[EXERCISE]
Without pictures, return the lines from the one containing "e 3 vagasSala" through the last line of the data below, exactly.
(ENTRIES SHOWN begins)
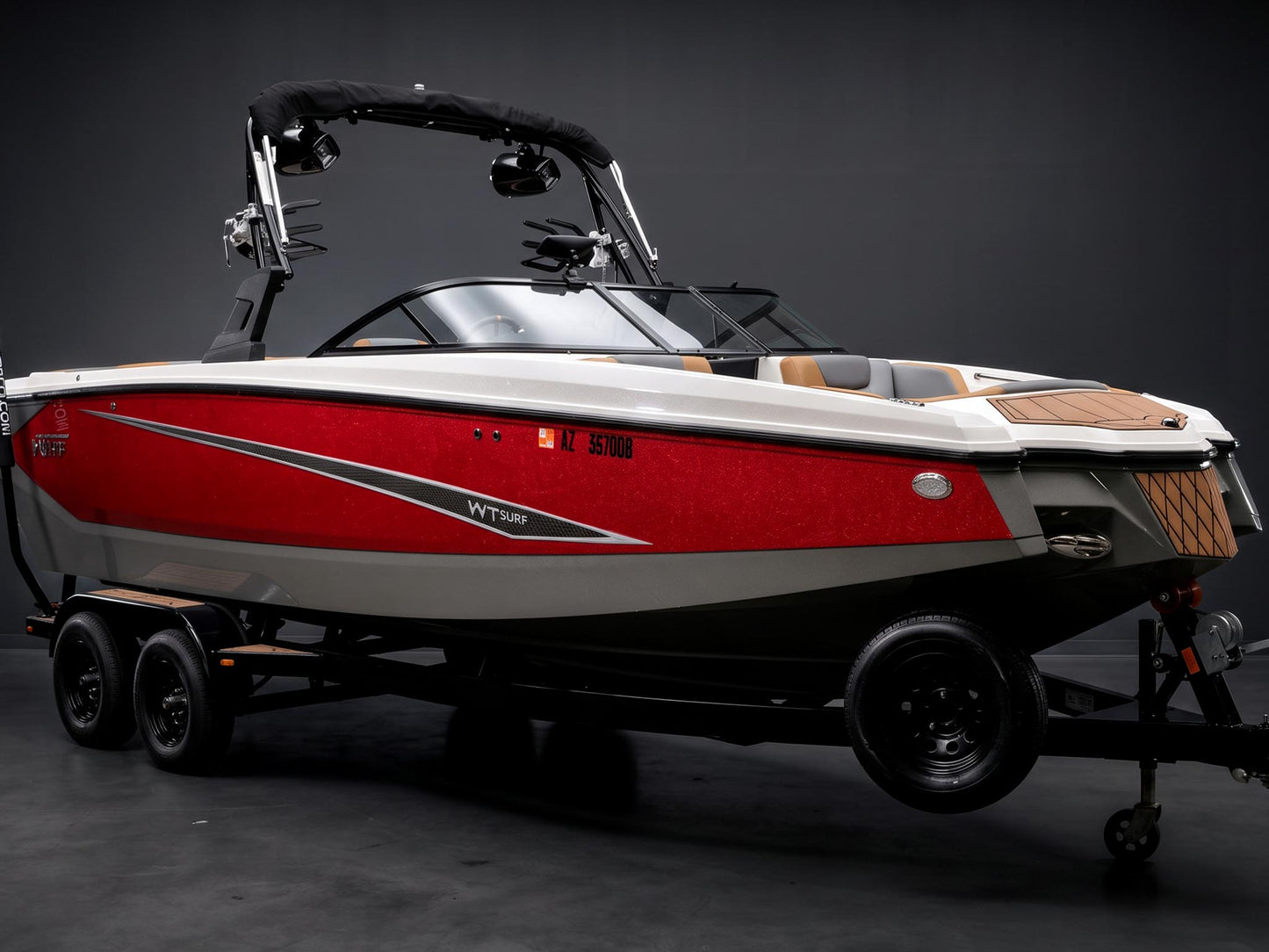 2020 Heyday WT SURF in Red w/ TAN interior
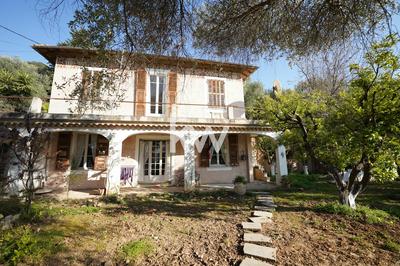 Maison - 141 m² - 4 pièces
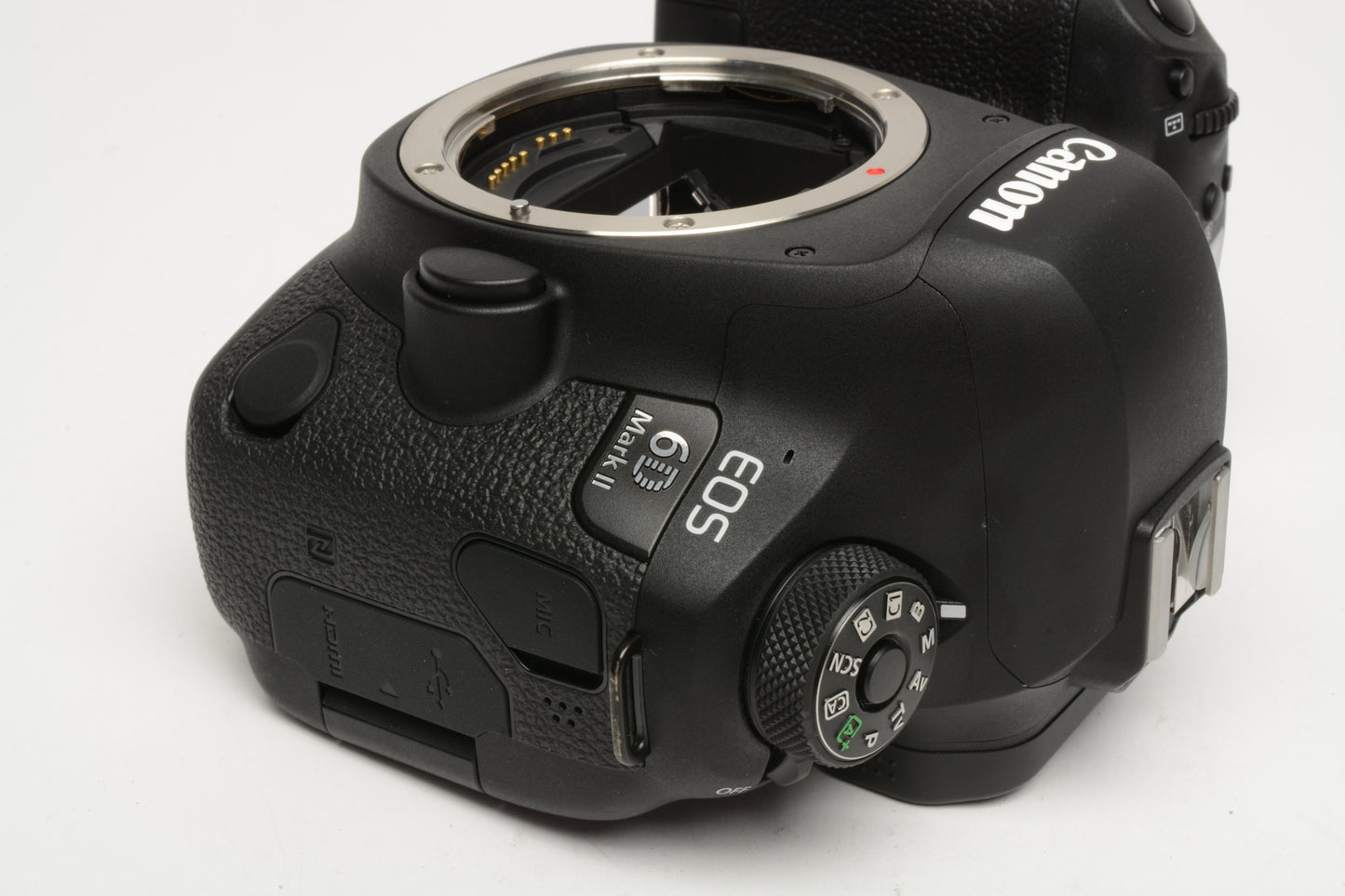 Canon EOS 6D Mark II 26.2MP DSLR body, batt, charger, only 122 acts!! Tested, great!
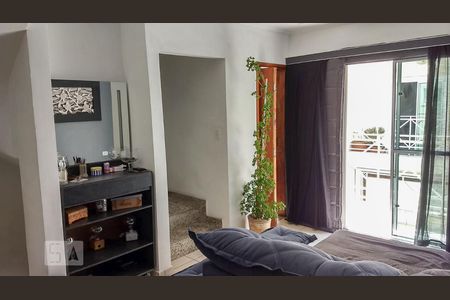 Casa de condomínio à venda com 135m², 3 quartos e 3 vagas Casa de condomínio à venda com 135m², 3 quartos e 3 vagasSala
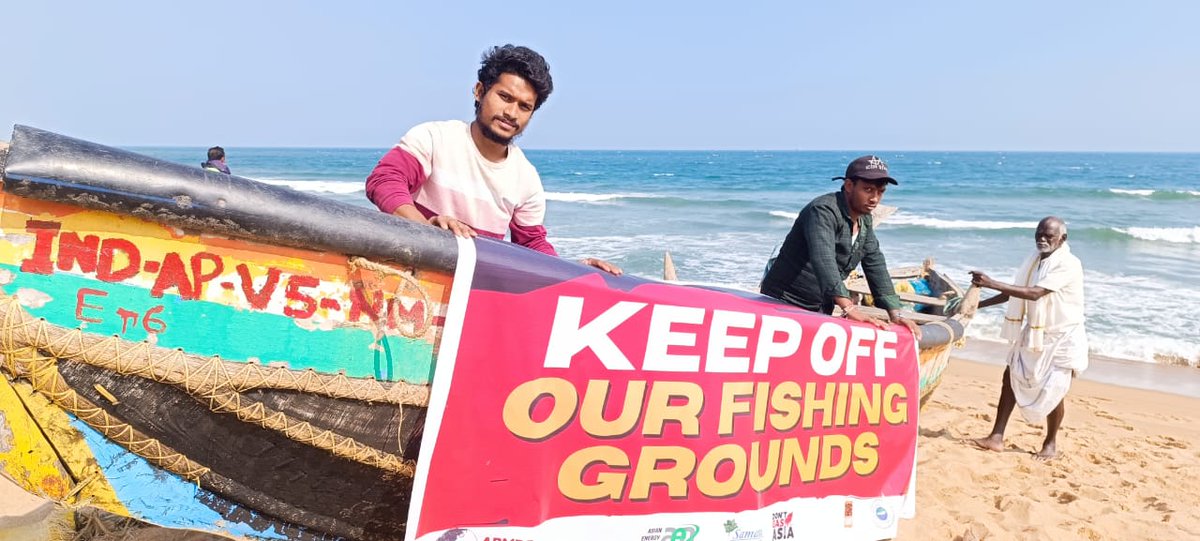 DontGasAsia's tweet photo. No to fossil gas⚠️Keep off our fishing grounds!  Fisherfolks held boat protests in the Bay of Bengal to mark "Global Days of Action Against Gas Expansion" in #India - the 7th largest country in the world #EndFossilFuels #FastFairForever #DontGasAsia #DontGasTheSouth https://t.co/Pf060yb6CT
(ENTRIES SHOWN ends)
[TASK RESULT]
 Casa de condomínio à venda com 135m², 3 quartos e 3 vagas Casa de condomínio à venda com 135m², 3 quartos e 3 vagasSala
 DontGasAsia's tweet photo. No to fossil gas⚠️Keep off our fishing grounds!  Fisherfolks held boat protests in the Bay of Bengal to mark "Global Days of Action Against Gas Expansion" in #India - the 7th largest country in the world #EndFossilFuels #FastFairForever #DontGasAsia #DontGasTheSouth https://t.co/Pf060yb6CT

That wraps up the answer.